Antihero: Yeah. How long did the whole process take, and was it easy to stay focused? Obviously, writers get periods of writer’s block. When they just can’t see a way forward. Did you encounter any of that?
Tom Werman: No writer’s block, because I only wrote when I felt like it. Sometimes I wouldn’t write for a month. The book was being written over about three years, and I would never write for more than 15 or 20 minutes at a time. I’d get an inspiration and I’d write it down, and then I’d kind of refine it later and slot it in at the right place in the text. I know that what I was supposed to do, what the pros do, the real writers, they all seem to say the same thing. I have two very strong cups of coffee at 6:00 AM and I pound out 10 pages regardless of what I feel or whether I want to or not. I didn’t do that.
Antihero: Did you find the whole process an enjoyable one or challenging at times?

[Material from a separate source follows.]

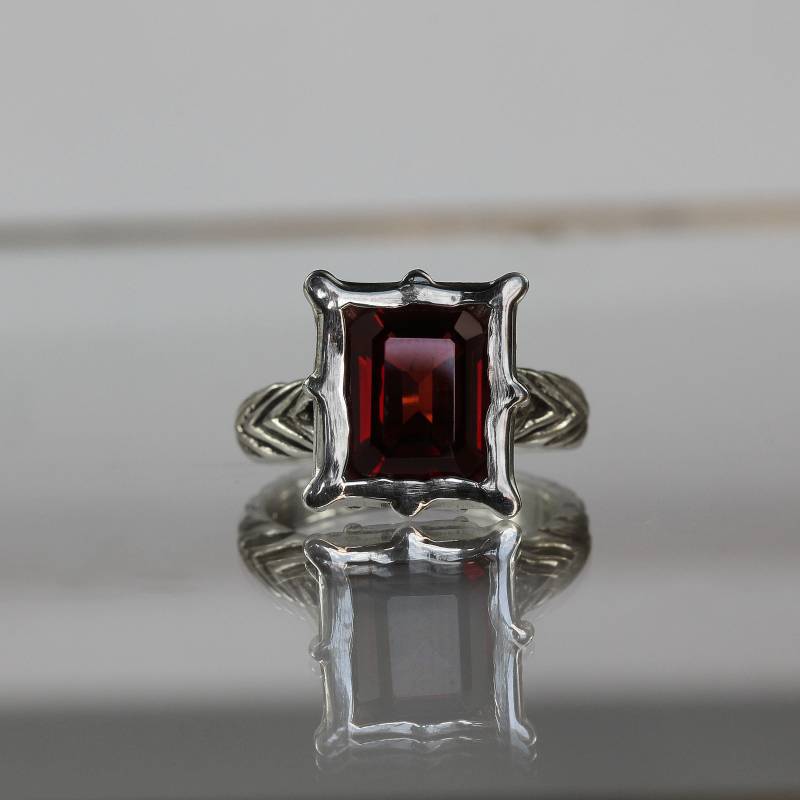 Isabetta Granat Ring Im Smaragdschliff - in Sterling Silber Oder 750 Gelbgold Über Vergoldet von BreakAstone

Tom Werman: I loved it. Yeah. If I was challenged, I’d stop. I wouldn’t write. I’d remember something and get excited about the fact that I did remember it. I enjoyed describing it in the best way possible. People seem to say, the people who have read it now all say it’s an easy read and it’s conversational. They start to read it, and then they honest to God can’t put it down. If they say, “I started to read it, I read up to a hundred pages, now I’ve got to finish.” There are people who have finished it in two days, and that’s great for me. I think that’s certainly a plus in terms of writing and reading.
Antihero: When you got that final copy and read it, was it a feeling of a job well done? I’m perfectly happy. That’s what I set out to do.

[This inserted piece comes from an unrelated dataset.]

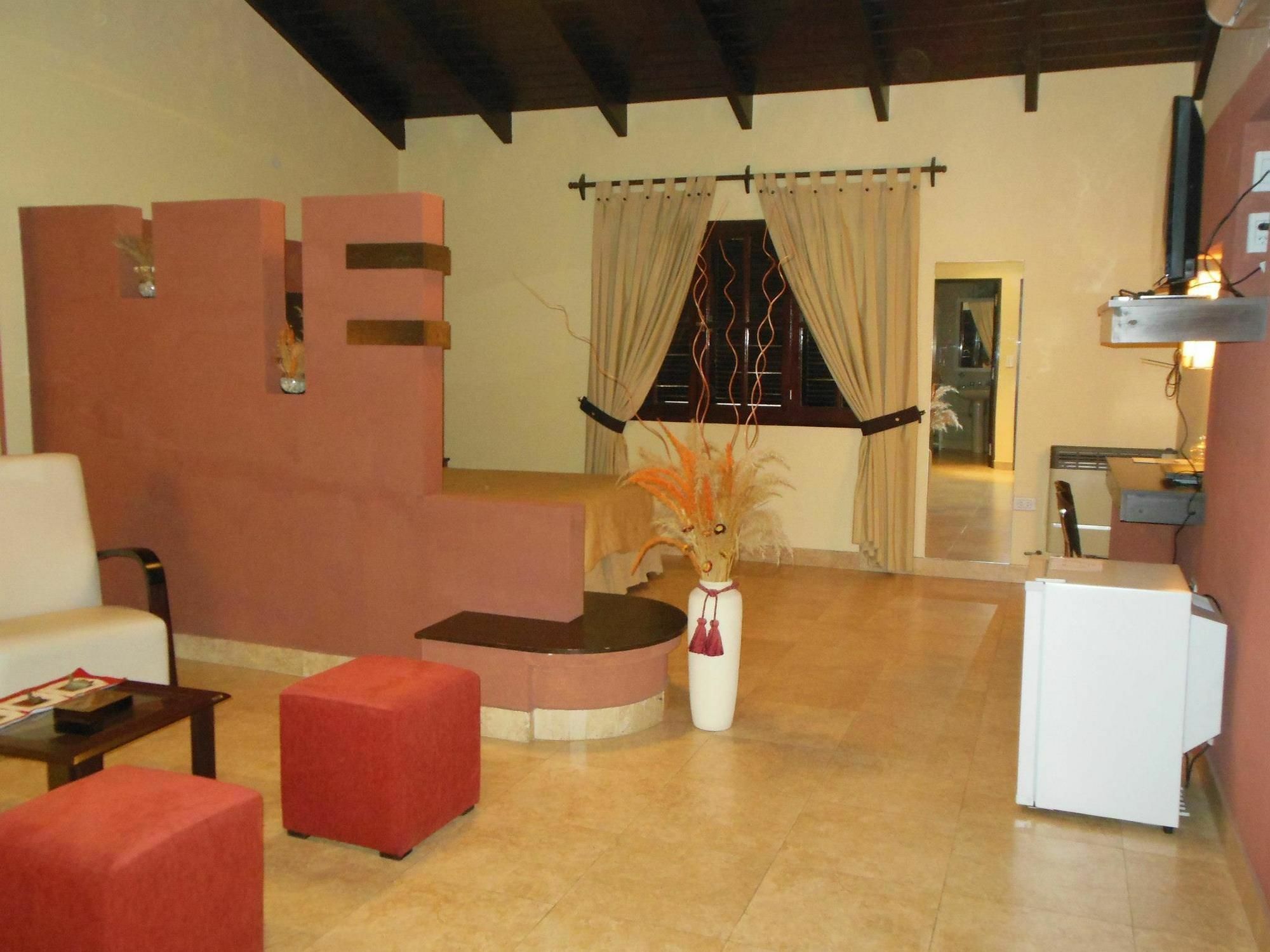 סלטה Hotel Aybal מראה חיצוני תמונה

Tom Werman: For the most part. Yes. Yeah. It wasn’t so much the text and the actual material and writing the content of the book. The biggest disagreement I had, and the most controversial discussion I had with my editor was, they call it the Oxford comma. I turned the book in, and I know how I wrote it, and then it came back to me for a final approval. Every time I listed three things there would put a comma after the third thing before the word and.
I said, “The word is there, why do you need a comma?” He said, “Well, this is publishing a format, and we all use this, and I use this with every publisher in the states that I’ve worked with.” Somebody at Oxford decided that this was the right way to do it, and I disagreed. I thought it just messed up things. It added unnecessary grammatical hieroglyphs, but I had to leave it. Otherwise, I was very happy. I’m very happy with the layout, the illustrations, and the quality of the actual book. It’s very good.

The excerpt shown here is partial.